Selten publizierte Bogoras Artikel im Ausland. 1976 veröffentlichte sie (zusammen mit Anatoli Martschenko) unter dem Pseudonym „M. Trusewitsch“ in der Zeitschrift „Kontinent“ den Beitrag „Tertium datur – Tretje dano“ („Es gibt ein Drittes“), bei dem es um Fragen der internationalen politischen Entspannung ging. Anfang der 80er Jahre erregte Bogoras Aufsehen, als sie die britische Regierung zu einer menschenwürdigen Behandlung der inhaftierten IRA-Terroristen aufrief.

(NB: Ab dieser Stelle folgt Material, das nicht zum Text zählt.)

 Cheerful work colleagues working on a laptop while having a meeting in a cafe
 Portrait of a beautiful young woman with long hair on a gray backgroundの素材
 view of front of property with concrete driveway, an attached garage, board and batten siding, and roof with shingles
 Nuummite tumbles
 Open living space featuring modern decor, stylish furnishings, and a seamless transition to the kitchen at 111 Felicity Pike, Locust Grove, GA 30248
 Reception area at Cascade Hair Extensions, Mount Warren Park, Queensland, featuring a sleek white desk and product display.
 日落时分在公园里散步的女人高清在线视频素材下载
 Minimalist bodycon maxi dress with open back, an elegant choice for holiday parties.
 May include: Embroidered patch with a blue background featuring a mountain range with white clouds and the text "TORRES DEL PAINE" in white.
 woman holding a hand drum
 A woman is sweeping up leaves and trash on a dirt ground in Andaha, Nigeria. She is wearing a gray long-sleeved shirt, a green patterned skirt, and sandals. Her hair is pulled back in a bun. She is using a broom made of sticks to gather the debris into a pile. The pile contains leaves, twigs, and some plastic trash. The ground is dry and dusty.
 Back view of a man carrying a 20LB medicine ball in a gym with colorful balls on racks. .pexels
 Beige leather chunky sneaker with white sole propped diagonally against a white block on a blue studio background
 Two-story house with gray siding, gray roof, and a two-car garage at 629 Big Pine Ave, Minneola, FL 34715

Der ständige Wechsel von Verhaftung und Entlassung ihres zweiten Mannes Anatoli Martschenko bedeutete für Bogoras eine starke emotionale Belastung. Eine Freundin sagte 1981 über sie: „Aber ich sehe die Augen von Larissa Bogoras. Anatoli kam wieder ins Gefängnis und in ihren Augen solche Verzweiflung.“ Mehrfach forderte Bogoras öffentlich eine umfassende Amnestie für politische Gefangene. Die letzte Kampagne, die sie im Oktober 1986 gemeinsam mit anderen Dissidenten startete, war zugleich die erfolgreichste: Im Januar 1987 begann die sowjetische Regierung unter Michail Gorbatschow mit der Entlassung politischer Häftlinge aus Gefängnissen und Lagern. Für ihren Mann kam diese Amnestie jedoch zu spät – er starb im Dezember 1986 im Gefängnis von Tschistopol an den Folgen eines Hungerstreiks.
In den Jahren der Perestroika und danach setzte Bogoras ihre Arbeit fort. Im Herbst 1989 wurde sie Mitglied der reaktivierten Moskauer Helsinki-Gruppe und leitete diese als deren Co-Vorsitzende bis 1996. Von 1993 bis 1997 war sie Vorstandsmitglied der russisch-amerikanischen Projektgruppe für Menschenrechte.
Larissa Bogoras engagierte sich bis kurz vor ihrem Tod am 6. April 2004 in Moskau.